Interesting. Thanks for the feedback. Given the small size of the job, I think it's doable with a slow, consistent and steady approach (I hope). We haven't really touched the interior bar some painting and newish windows. Given that I think I'd only need to raise it 5mm-10mm I would hope minimal issues with windows etc. I might just try one edge and do a proof of concept to remove the ant cap. If it comes out easily with minimal impact to the house then I'd assume putting new capping down should be fine.  *Option 2* - Given that ant caps do nothing (ie they are just visual aids only). I'm wondering whether I'd be better off just painting a white strip on the brickwork for pest inspections to highlight any termite tunnels and leaving it like that. I do intend to organize a proper pest annual inspection in due course which would involve remove some of the eventual future decking for visual checks under the deck.  *Marc/Snipper* - if it doesn't sound common you're probably right. In all my searches I can't find anyone nearby who does restumping etc near the Parramatta area. I'm willing to go professional if I could at least find someone to do it! If anyone has any names, happy to take reccomendations..... 
Thanks

----------


## joynz

Are your bricks solid or hollow?  If hollow, termites could travel up inside through cracks in the mortar in each course, until they hit the ant cap. 
In this case the white paint would not be effective.

----------


## kungy

Good question. I hadn't considered that but they are solid bricks.  
I think for peace of mind i'm going to lift it the 5-10mm i need to replace it. Marc and others have made me paranoid about low decks  :Biggrin:  so will take as many precautions as possible to ensure no issues even though it's such a small deck, and with good ventilation/drainage/timber preserver.   
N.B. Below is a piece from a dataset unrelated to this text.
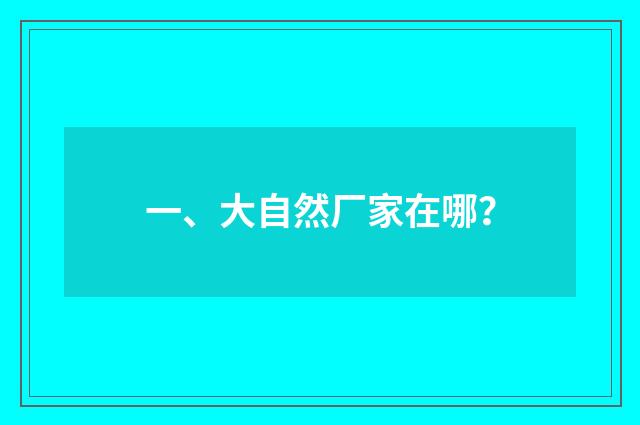 一、大自然厂家在哪?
> Are your bricks solid or hollow?  If hollow, termites could travel up inside through cracks in the mortar in each course, until they hit the ant cap. 
> In this case the white paint would not be effective.

----------


## Bros

If the house sits on these bricks what holds it down?

----------


## kungy

> If the house sits on these bricks what holds it down?

  I may be naive here, but i just thought it was sitting on the brickwork? When the asbestos cladding was taken off and replaced 6 months ago there was no sign of it being held down at all by anything. Just bearers sitting on brick piers. Now you've got me worried! 
It's a post war 1940s classic fibro house in Sydneys west if that makes any difference. 
Thoughts?

----------


## phild01

> If the house sits on these bricks what holds it down?
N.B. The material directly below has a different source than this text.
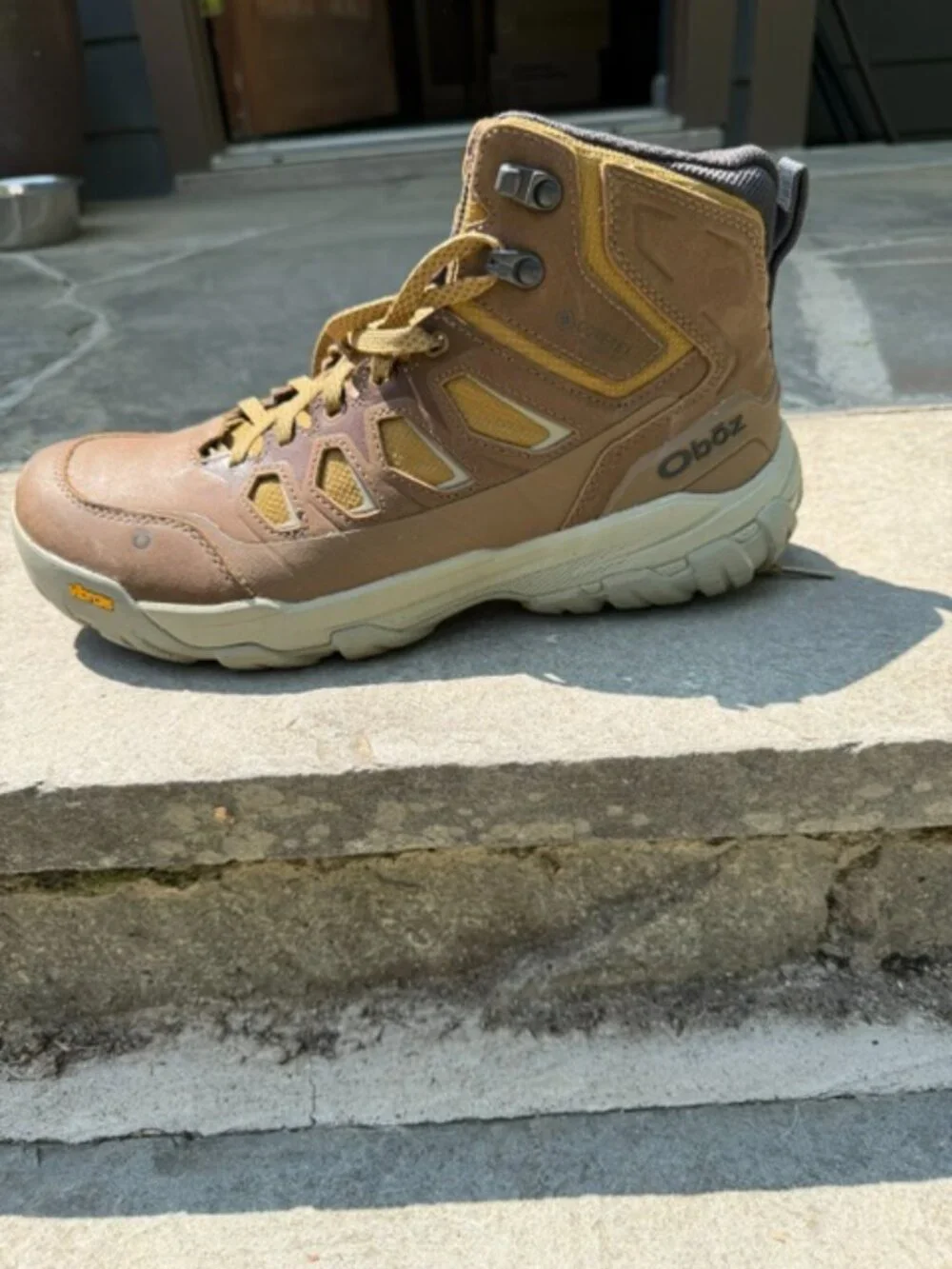 Sawtooth X Pro Mid GTX Waterproof Boot in Tadpole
  We didn't have tie down like you did in Qld. Yet to see a house get blown away around here!

----------


## Bros

> We didn't have tie down like you did in Qld. Yet to see a house get blown away around here!

  OK I see up here the uplift forces and be greater than the weight in a cyclone. When I built a skillion in front of my Besser block shed I was worried the C section was to light for the weight but the engineer wasn't in the least bit concerned he was looking at the uplift forces.

----------


## phild01

> OK I see up here the uplift forces and be greater than the weight in a cyclone. When I built a skillion in front of my Besser block shed I was worried the C section was to light for the weight but the engineer wasn't in the least bit concerned he was looking at the uplift forces.

    https://www.dlsweb.rmit.edu.au/toolb...d/page_001.htm

----------


## Wallym

Have you thought about installing something like "Homeguard" instead of metal capping  HomeGuard PTM - Garrards

----------


## kungy

Good call. I had seen it but hadn't thought of going with a combo product like that. Makes sense though. 
Guess I better see whether the house will respond favourably to being jacked up after 70 years. 
Thanks fellas   

> Have you thought about installing something like "Homeguard" instead of metal capping  HomeGuard PTM - Garrards

----------